▸ **Exercise requirements**: I'd like the data below restated word for word, with the pictures left out.

▸ **Supplied information**:
⁂

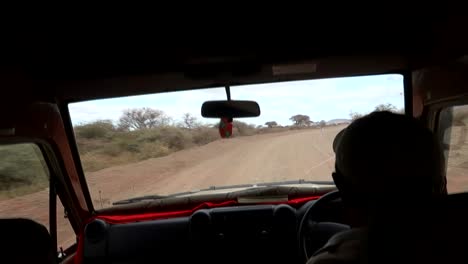 Lokaler-Tansanischer-Safariführer,-Der-Ein-4x4-Auto-Auf-Einer-Unbefestigten-Und-Holprigen-Straße-Fährt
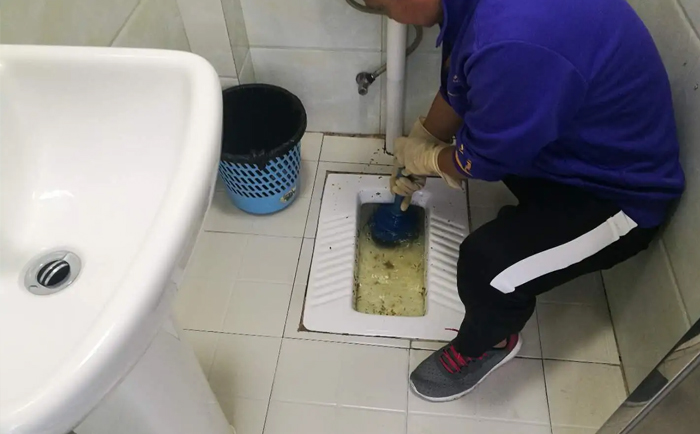 莫力达瓦疏通蹲坑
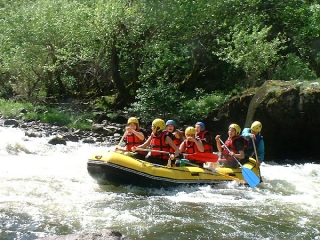  Experiencia de rafting con Tonic Aventure 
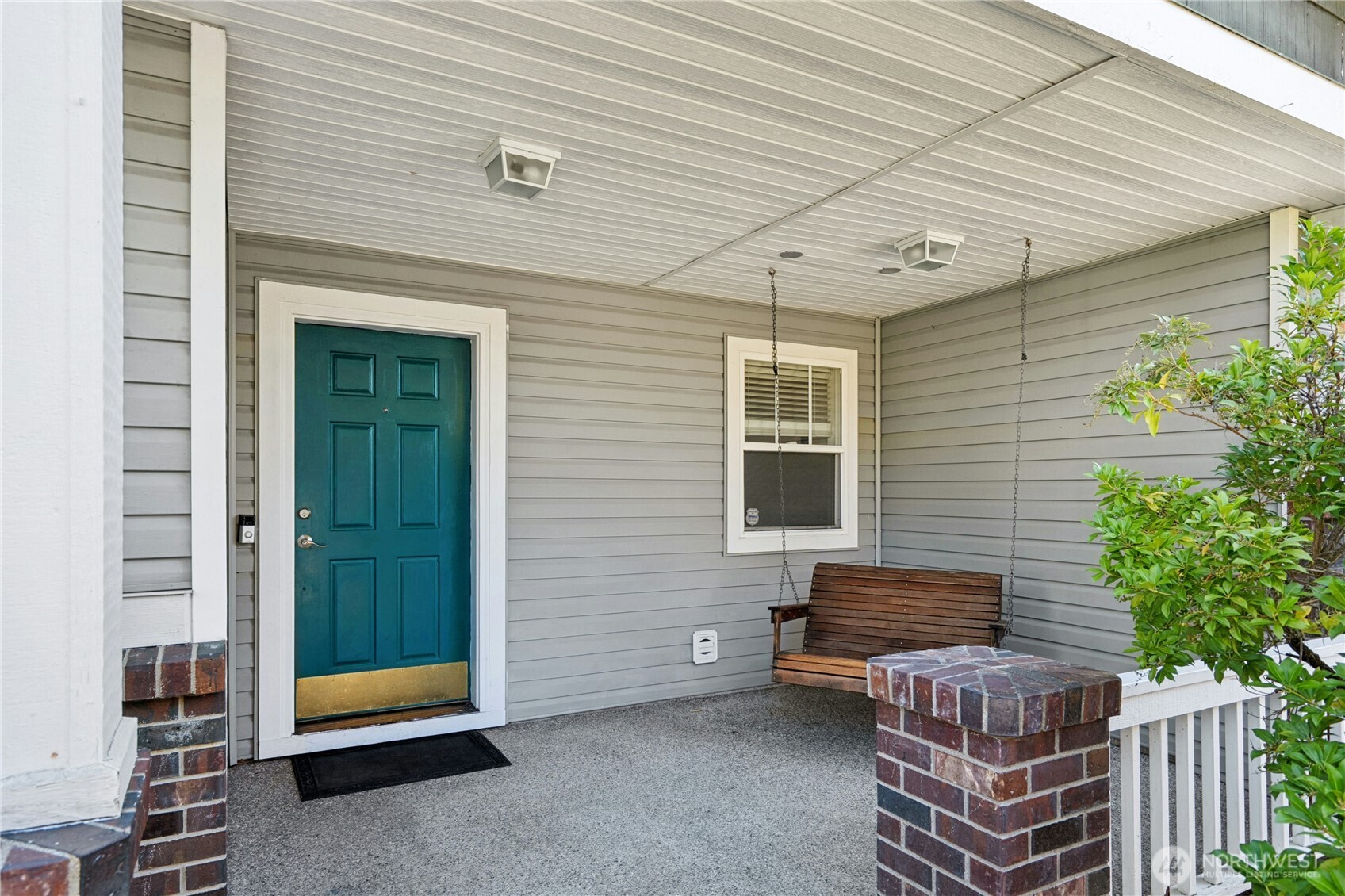 5115 143rd Street Property Photo 2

⁂

▸ **Response**:
 Lokaler-Tansanischer-Safariführer,-Der-Ein-4x4-Auto-Auf-Einer-Unbefestigten-Und-Holprigen-Straße-Fährt
 莫力达瓦疏通蹲坑
  Experiencia de rafting con Tonic Aventure 
 5115 143rd Street Property Photo 2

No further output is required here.